One issue to address is the problem of space adaptation through the design of multi-rank beamforming. Known approaches to such space adaptations for multiple-antenna systems include space-time coding, precoding and beamforming.
One area in which the aforementioned considerations have arisen is in UMTS Terrestrial Radio Access Network (UTRAN) and Evolved-UTRA, which call for higher user data rates and improved quality of service. A number of proposals have discussed and concluded the need for multiple-antenna systems to achieve the target spectral efficiency, throughput, and reliability of EUTRA. These proposals have considered different modes of operation applicable to different scenarios. The basic assumptions that vary among proposals include (i) using single stream versus multiple streams, (ii) scheduling one user at a time versus multiple users, (iii) having multiple streams per user versus a single stream per user, and (iv) coding across multiple streams versus using independent streams. A common factor among various downlink physical layer multiple-input-multiple-output (MIMO) proposals, however, is a feedback strategy to control the transmission rate and possibly vary the transmission strategy.
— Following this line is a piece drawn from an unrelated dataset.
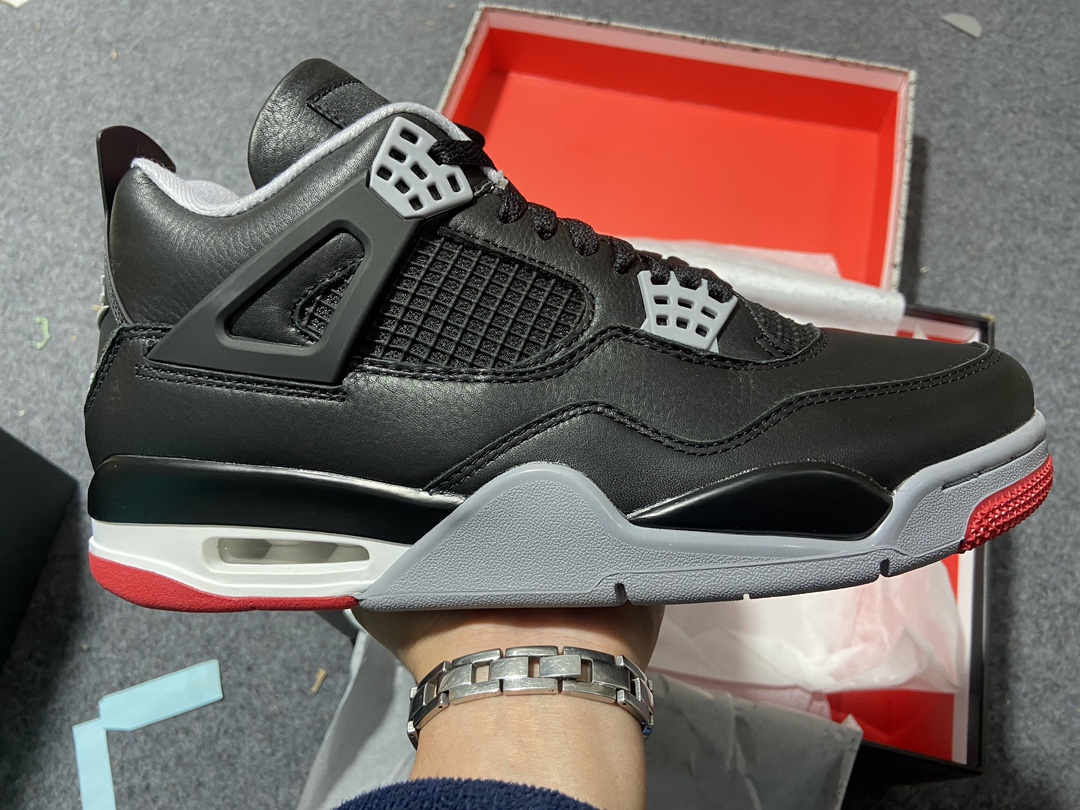 AJ4黑红尺码:40.5-47.5总裁R版出品-AirJordan4“BredReimagined”黑红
While the proposals for the use of multiple-antenna systems in downlink EUTRA such as PARC, PSRC, PGRC, PUSRC, PU2RC, SCW, MCW, SDM, SDMA, and current transmit diversity schemes in 3GPP release 6 such as STD, STTD, and TxAA differ in terms of the system description, they all share the following features: (i) possible multiplexing of streams to multiple streams; (ii) possible use of linear precoding of streams before sending to antennas; (iii) possible layering of the streams between the antennas; and (iv) rate control per stream or multiple jointly coded streams.
It has been noted that the proposals for EUTRA should not increase the transmission modes unnecessarily and should be realistic in terms of implementation, particularly considering user equipment (UE) complexity. Moreover, the proposed transmission strategy should appropriately address the effect of channel estimation error and feedback error and impact of receiver structure.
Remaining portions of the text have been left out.